Mais l’ECR est Le parti a perdu du terrain. Ses ambitions de devenir le troisième groupe parlementaire ont été contrariées. Et malgré une relation forte avec les Frères d’Italie, le parti espagnol Vox a rejoint les Patriotes.
De plus, grâce au soutien des Verts, von der Leyen sera désormais moins dépendante du président italien, ce qui explique en partie pourquoi elle s’est abstenue de voter lors de la décision du Conseil européen de prolonger le mandat du président allemand. Il s’agissait pour elle de réaffirmer son importance et d’établir une certaine influence sur von der Leyen à l’avenir.
En effet, au fil du temps, les changements dans l’équilibre des pouvoirs au sein du Conseil – le véritable siège du pouvoir dans l’UE – risquent de s’avérer plus importants.
Actuellement, les Patriotes ne contrôlent qu’un seul siège au Conseil, celui d’Orbán. Ils ont également une influence indirecte sur deux autres sièges, les Pays-Bas et l’Italie, où le PVV et le parti d’extrême droite La Ligue sont partenaires dans les coalitions au pouvoir dans leurs pays respectifs et peuvent donc exercer une certaine influence sur le gouvernement.
Le nombre de Patriotes au Conseil est toutefois susceptible d’augmenter au fil du temps, car plusieurs élections nationales prévues dans les mois et années à venir ont de bonnes chances de voir naître davantage de gouvernements d’extrême droite. Par exemple, des élections doivent avoir lieu en Autriche en septembre, où le Parti de la liberté d’extrême droite est en tête des sondages, et en République tchèque à l’automne prochain, où le parti nationaliste Action des citoyens mécontents de l’ancien Premier ministre Andrej Babiš est fermement en tête.
Ainsi, alors que les partis d’extrême droite continueront de lutter contre leurs divisions internes sur la politique à mener, et que von der Leyen sera toujours en mesure de gouverner depuis le centre, les résultats de plusieurs élections nationales pourraient bien donner au groupe une plus grande représentation.
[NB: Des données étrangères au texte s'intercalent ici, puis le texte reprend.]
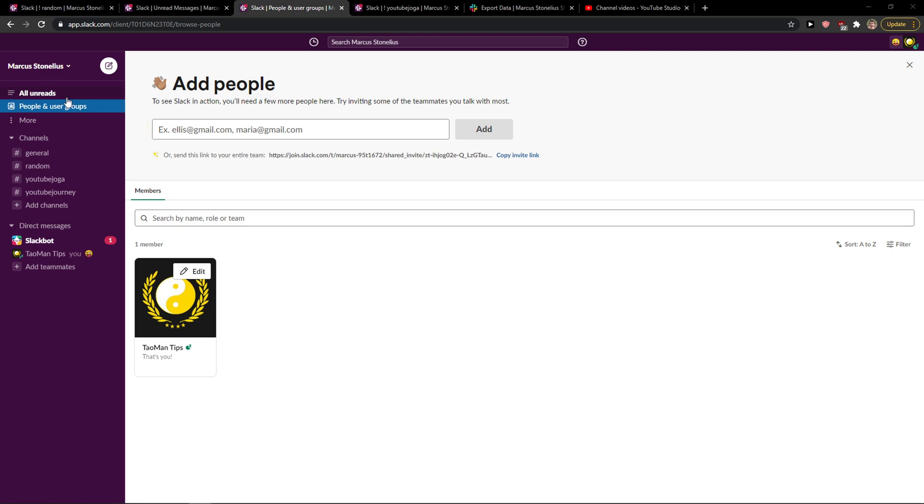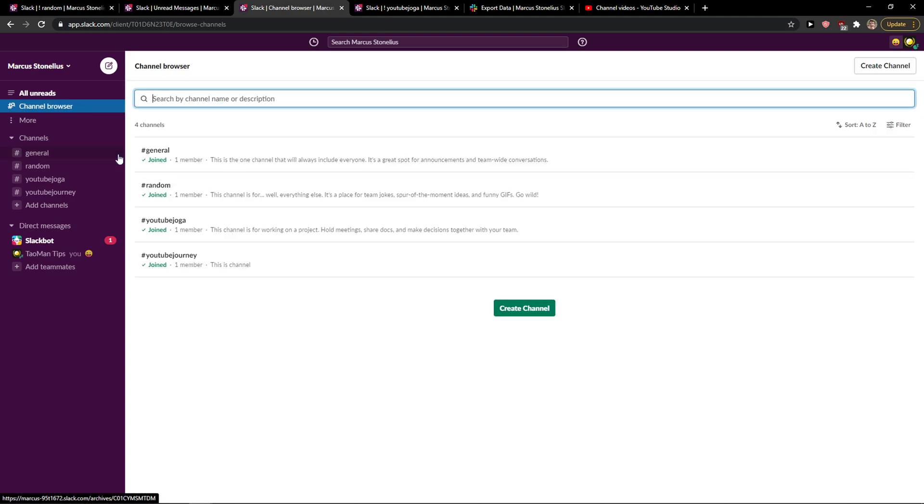So what you want to do is just click on here Channels, click plus, click Browse Channels. When you're going to be here, what you want to do is just select Listed Channels.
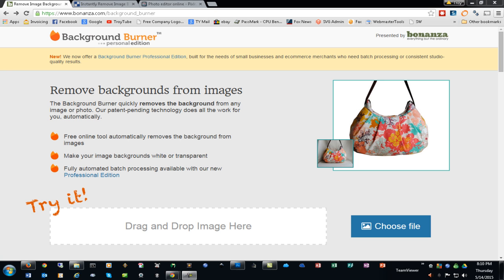In this video, we're going to look at four different ways to remove backgrounds from pictures so that you can import them and do a print then cut in Design Space.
Et cette évolution risquerait de saper la cohésion de l’UE dans des domaines clés, notamment le budget de l’UE, l’élargissement et la politique étrangère – en particulier en ce qui concerne l’Ukraine.
L’UE a jusqu’à présent trouvé des moyens de contourner les vetos répétés d’Orbán sur l’Ukraine, en usant de persuasion et de pressions financières. Mais un groupe plus large et plus déterminé de gouvernements réticents serait beaucoup plus difficile à contenir.
Mais ce n’est pas gagné d’avance. Meloni a continué à soutenir Kiev. Le Premier ministre populiste slovaque Robert Fico n’a pas donné suite à ses critiques sur l’aide militaire à Kiev et n’a pas opposé son veto. Il en va de même pour le PVV néerlandais, qui a modéré sa position après avoir accepté de maintenir le soutien de La Haye à l’Ukraine dans le cadre d’un gouvernement de coalition de centre-droit.
Il est possible que d’autres partis d’extrême droite proches de la Russie soient également cooptés. Mais le risque de voir la cohésion européenne compromise – surtout si l’ancien président américain Donald Trump remporte l’élection présidentielle de novembre – est désormais clairement en hausse.